** Work instruction **
Pictures excluded, output exactly the lines from the one containing "Press the required app." through the last line of the listing below.

** The data **
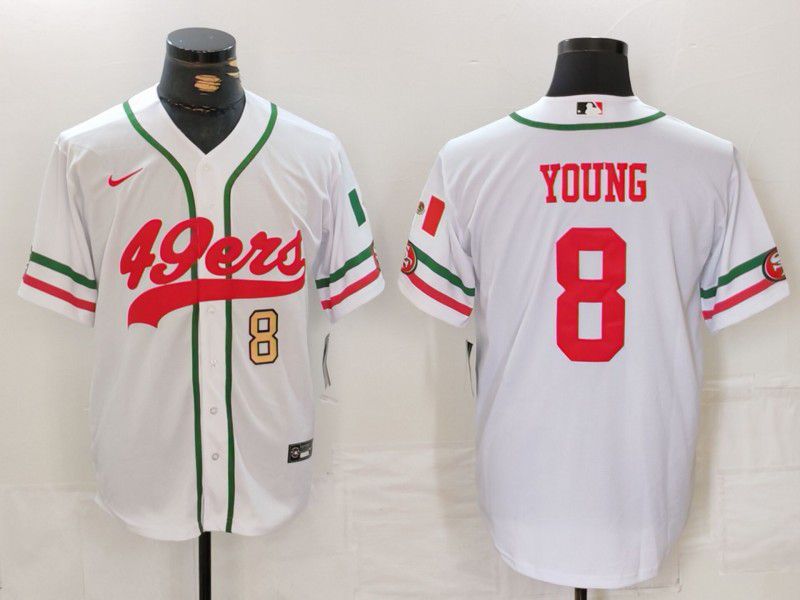 Men San Francisco 49ers 8 Young White Joint Name 2024 Nike Limited NFL Jersey style 2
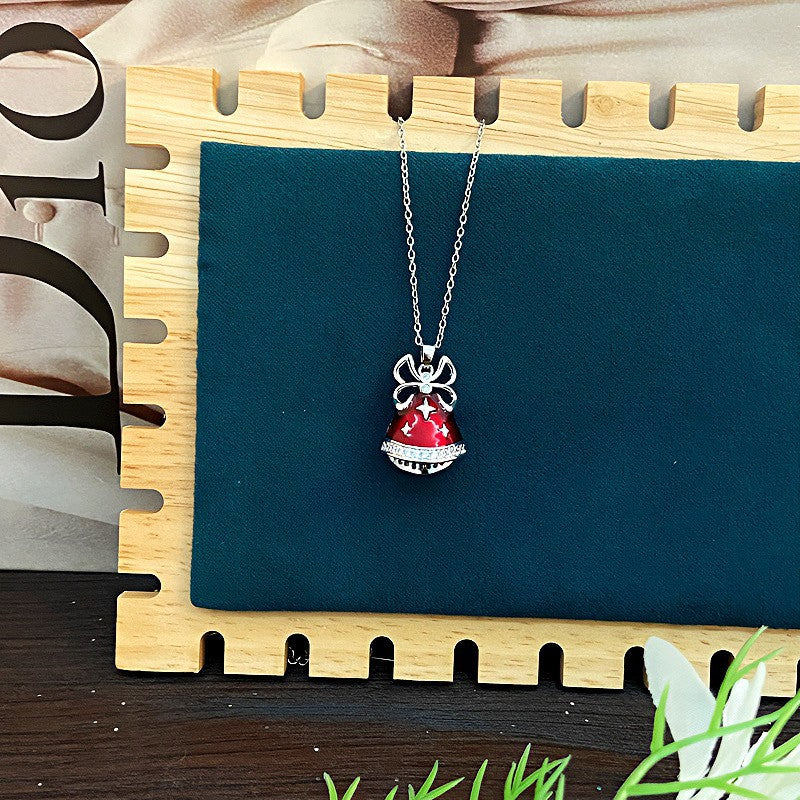 Micro-pave Zircon Christmas Bell Long Necklace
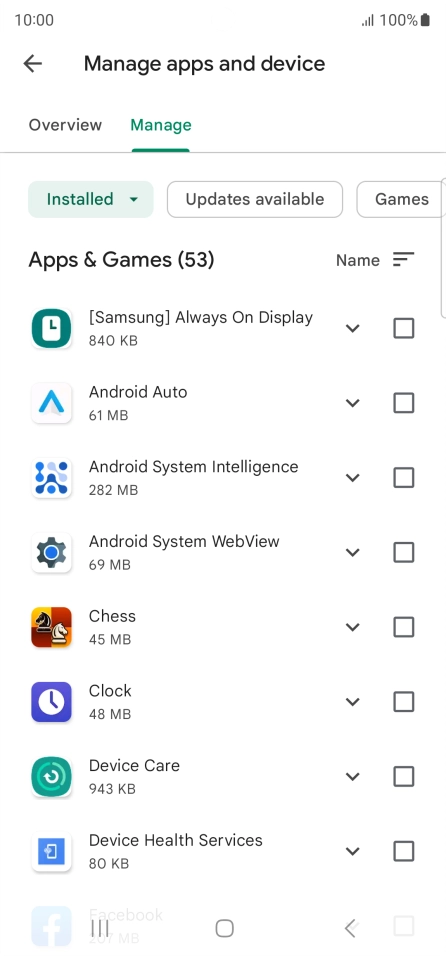 Press the required app.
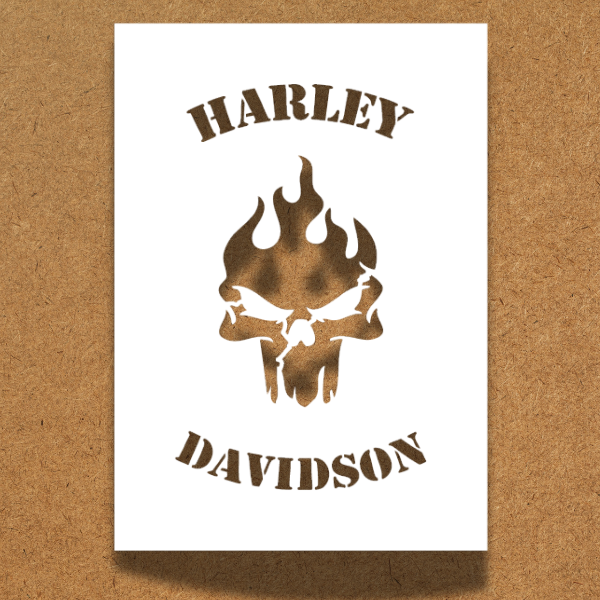 Harley Davidson® Flaming Skull Stencil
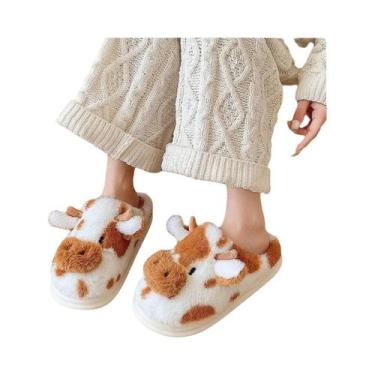 Imagem de Pantufas Femininas Quentes De Pelúcia Com Sola Grossa E Pelo De Vaca P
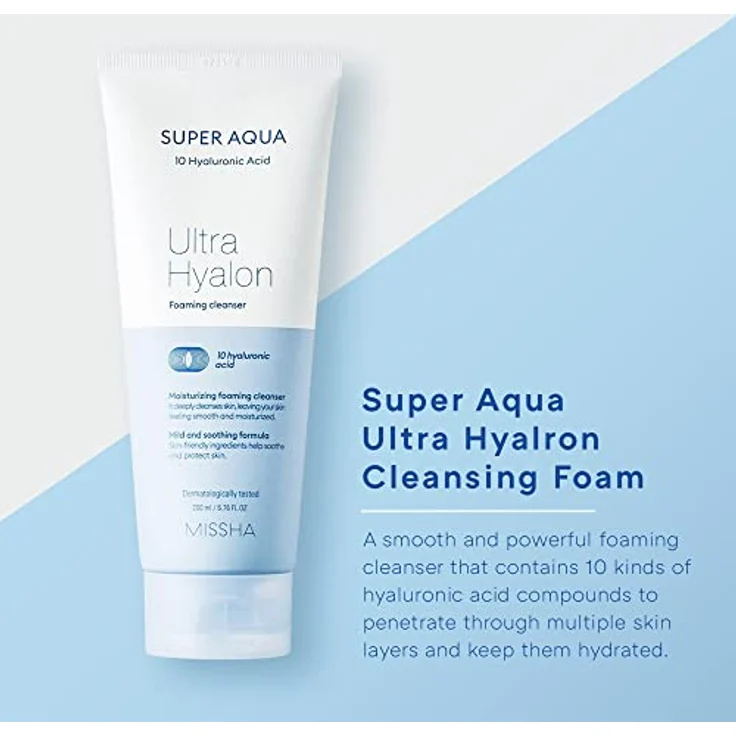 Missha Super Aqua Ultra Hyalron Cleansing Foam, 200 ml – Bild 2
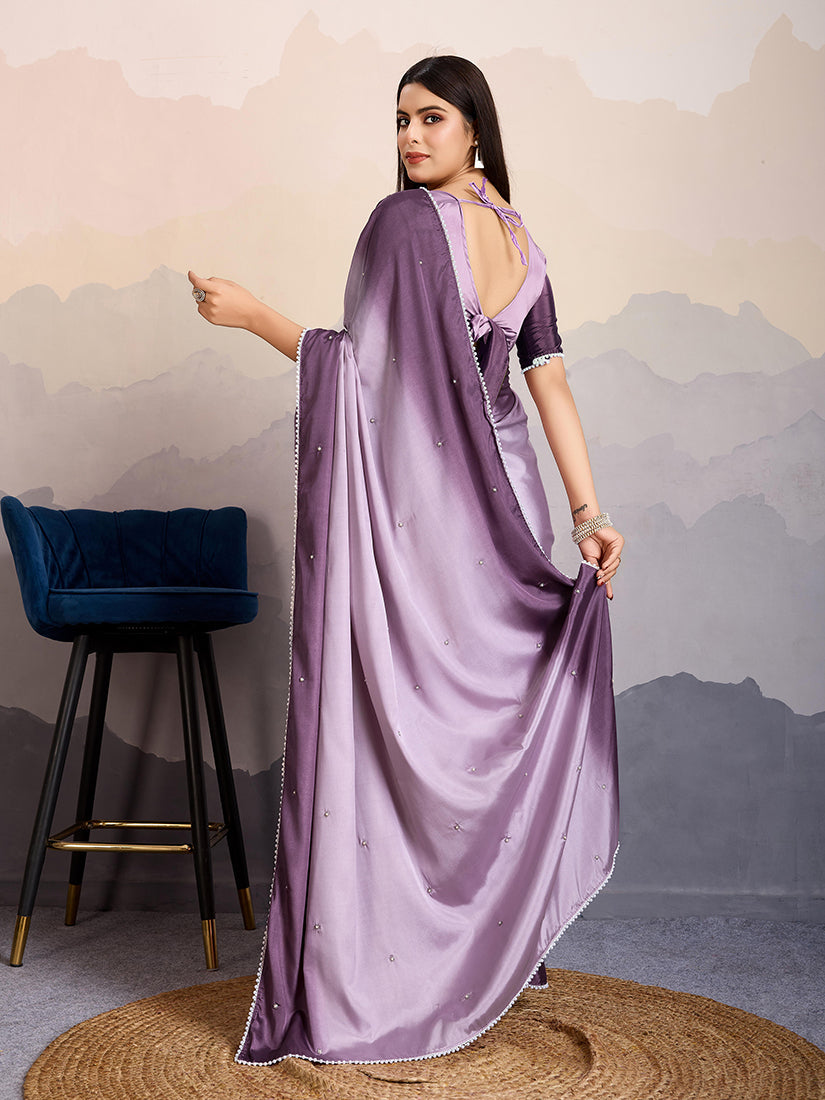 Monjolika Fashion Purple Color Satin Crepe Pearl Lace Border Party Wear Saree | Grocsy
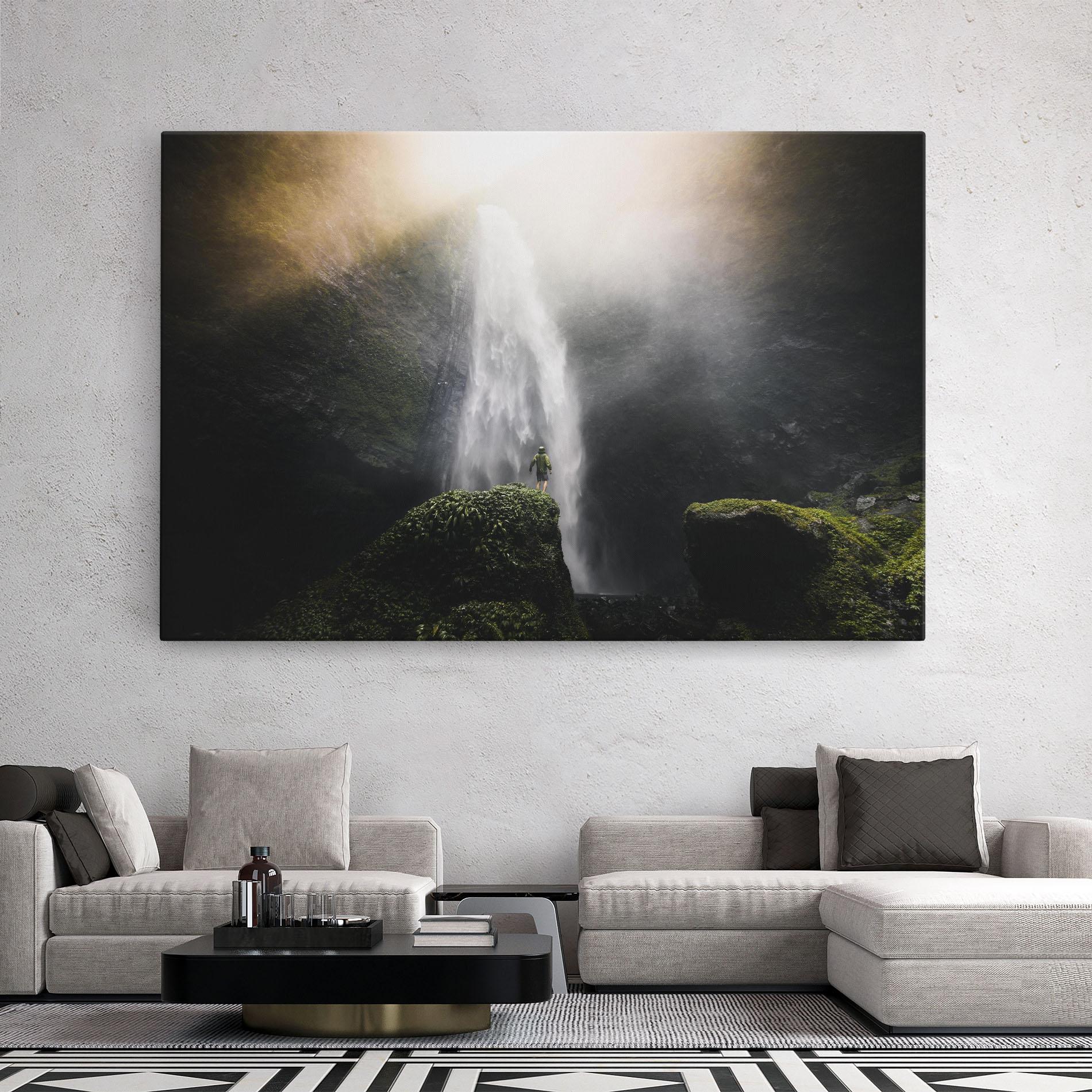 Leinwandbild Green Man Waterfall mockup 2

** Answer to the problem **
 Press the required app.
 Harley Davidson® Flaming Skull Stencil
 Imagem de Pantufas Femininas Quentes De Pelúcia Com Sola Grossa E Pelo De Vaca P
 Missha Super Aqua Ultra Hyalron Cleansing Foam, 200 ml – Bild 2
 Monjolika Fashion Purple Color Satin Crepe Pearl Lace Border Party Wear Saree | Grocsy
 Leinwandbild Green Man Waterfall mockup 2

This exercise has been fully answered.